Women’s Islamic dress code has become one of the most contentious issues in the post-9/11 debate on Islam which, Muslims complain, has been conducted almost wholly on the assumption that women who wear “hijab” or “burqa” have been coerced into doing it and are victims of Muslim male oppression.

But how valid are these assumptions? Why is there such reluctance to acknowledge that these women may, indeed, be acting on their own free will, as they claim, and using “hijab” to make a political statement? Are we betraying our own ignorance and prejudices by falling for conspiracy theories? After all, there is a history of women’s protest movements using dress as a political symbol?

These are some of the questions that Atiha Sen Gupta, a young feminist British-born Asian playwright, explores in her debut play What Fatima Did about a feisty teenaged schoolgirl who suddenly starts wearing “hijab,” gives up partying, shuns her white boyfriend, and when in a fit of anger he rips off her “hijab” she reports him for racism.

To her schoolmates and family, Fatima is transformed into a stranger. She is no longer the fun-loving, pub-hopping Fatima they knew. They are puzzled. Why did Fatima do this? And it is not just her non-Muslim friends who are bewildered. Equally upset is Aisha, a fellow-Muslim classmate and a close friend, who sees the “hijab” as a “blood-stained” symbol of women’s oppression.

But even more angry is Fatima’s mother, Rukhsana, who rebelled against her own husband for her right to wear western dress.
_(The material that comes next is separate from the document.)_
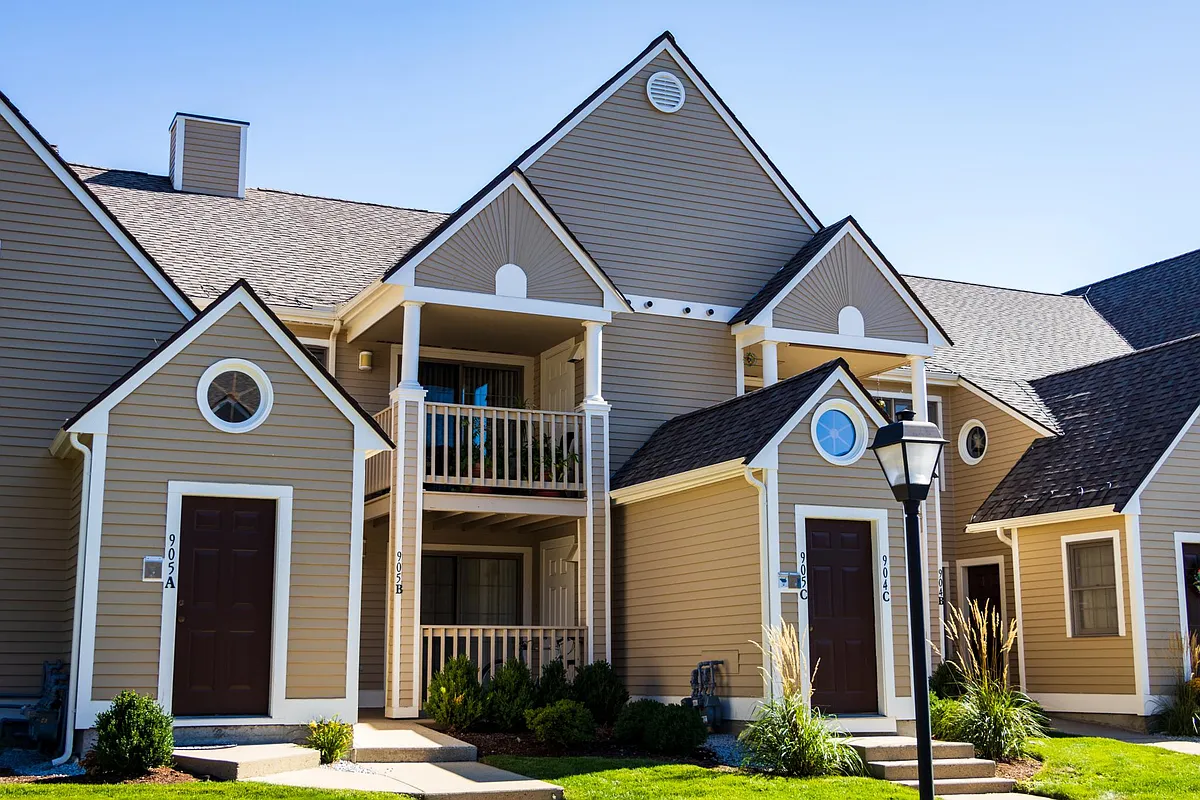 Building Photo - Briar Glen Village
To her the “hijab” represents the betrayal of the values she fought for.

“She looks like a bloody fundamentalist postbox,” she says recalling how she fought against attempts to impose a dress code on her.

The only person who believes that it’s too much ado about nothing is her twin brother Mohammed. Initially, he simply defends her right to wear what she wants but, provoked by the attacks on his sister and the pressure to take a stand, he tells his mother that as someone who knows what it is like to be an Asian (let alone a Muslim) in post-9/11 and post7/7 Britain he understands why Fatima did what she did.

The dramatic conceit is that we never see Fatima onstage even as the action revolves around her. In a sense, Fatima comes to represent all young Muslim women who find themselves in a similar situation.

Twenty-one-year old Sen Gupta, who is of mixed Indian and Sri Lankan parentage, does not come from a Muslim background; and nor is she an advocate of “hijab” but she resents the judgmental way in which hijab-wearing women are viewed. She believes that there are assumptions about such women that need to be questioned.

“We need to be careful about assuming we know where Muslim girls are all coming from and what they want to say,” she says.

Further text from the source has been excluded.